What the task asks. Without including any images, please transcribe all the lines below exactly.

Raw data.
____________

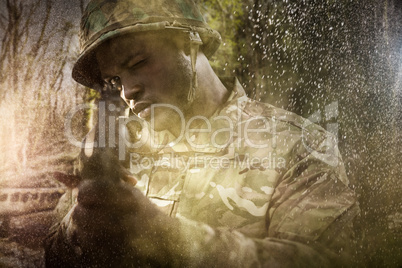 Composite image of close up of soldier aiming with rifle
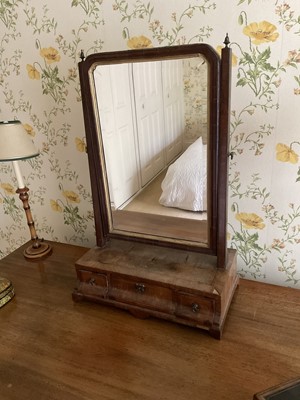 Lot 1425 - George II walnut dressing table mirror, with bevelled swing plate and three drawers to the platform base, 42cm wide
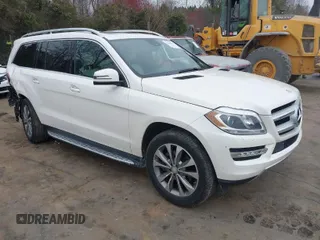 2016 Mercedes-Benz GL with VIN 4JGDF6EE7GA673861, listed as a IAAI auction lot 41803302 with 74,670 mi miles. Bid and sale history available at carsss.com. Image 1.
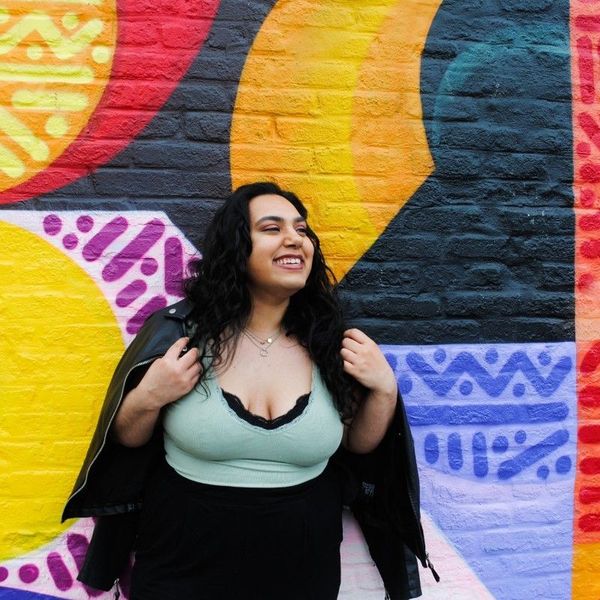 Ava Dudani smiling in front of a colorful mural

____________

Your response.
 Composite image of close up of soldier aiming with rifle
 Lot 1425 - George II walnut dressing table mirror, with bevelled swing plate and three drawers to the platform base, 42cm wide
 2016 Mercedes-Benz GL with VIN 4JGDF6EE7GA673861, listed as a IAAI auction lot 41803302 with 74,670 mi miles. Bid and sale history available at carsss.com. Image 1.
 Ava Dudani smiling in front of a colorful mural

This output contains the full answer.